Decentralized Search over Personal Online Datastores: Architecture and Performance Evaluation

In Proceedings of the 24th International Conference on Web Engineering (2024)

Data privacy and sovereignty are open challenges in today’s Web, which the Solid ecosystem aims to meet by providing personal online datastores (pods) where individuals can control access to their data. Solid allows developers to deploy applications with access to data stored in pods, subject to users’ permission. For the decentralised Web to succeed, the problem of search over pods with varying access permissions must be solved. The ESPRESSO framework takes the first step in exploring such a search architecture, enabling large-scale keyword search across Solid pods with varying access rights. This paper provides a comprehensive experimental evaluation of the performance and scalability of decentralised keyword search across pods on the current ESPRESSO prototype. The experiments specifically investigate how controllable experimental parameters influence search performance across a range of decentralised settings.
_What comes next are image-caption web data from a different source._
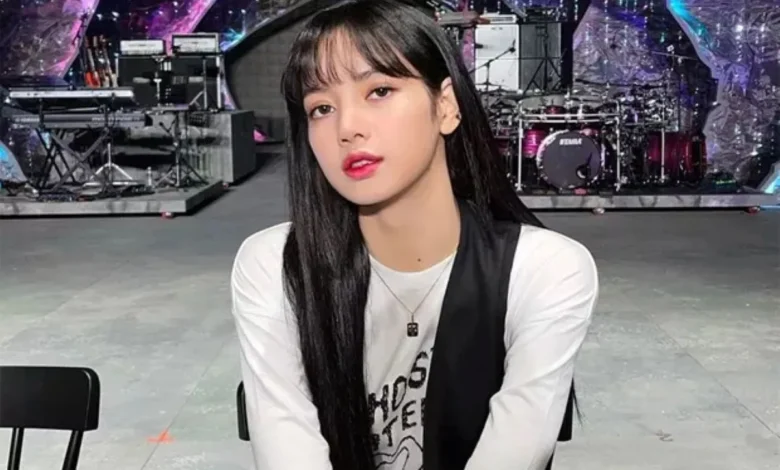 Lisa do BLACKPINK em ambiente de palco, com cabelo longo e liso, vestindo uma camiseta branca com estampa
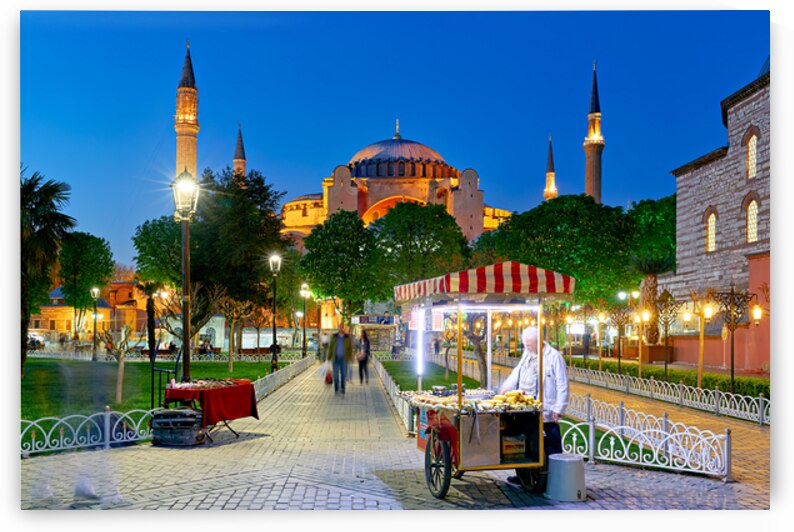 Hagia Sophia Grand Mosque at night with local vendor by Marco Brivio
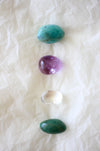 This image shows the four tumble stones of the Virgo Zodiac Crystal Kit, which are (from top to bottom): Amazonite, Amethyst, Clear Quartz and Aventurine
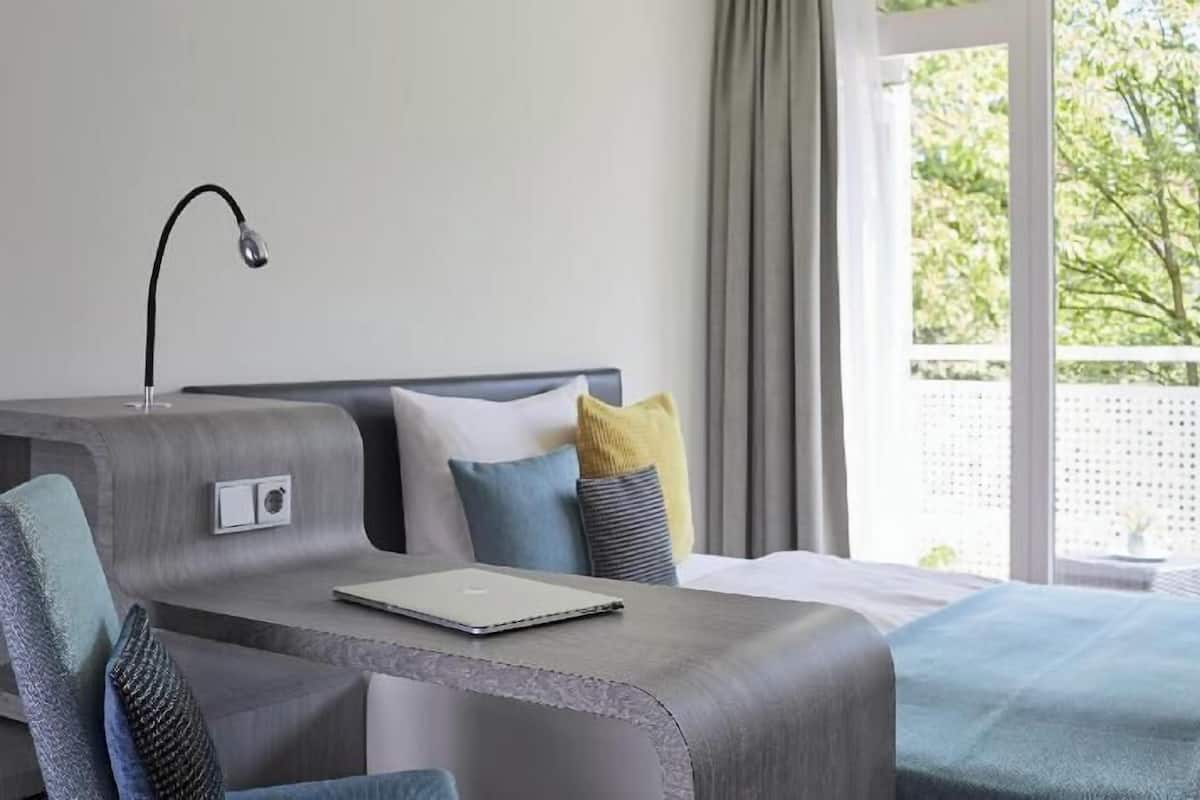 A hotel room with a bed, a desk with a laptop, a chair, and a window with a view of greenery.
This includes examining the impact of different text dataset sizes (0.5MB to 50MB per pod, divided into 1 to 10,000 files), different access control levels (10%, 25%, 50%, or 100% file access), and a range of configurations for Solid servers and pods (from 1 to 100 pods across 1 to 50 servers). The experimental results confirm the feasibility of deploying a decentralised search system to conduct keyword search at scale in a decentralised environment.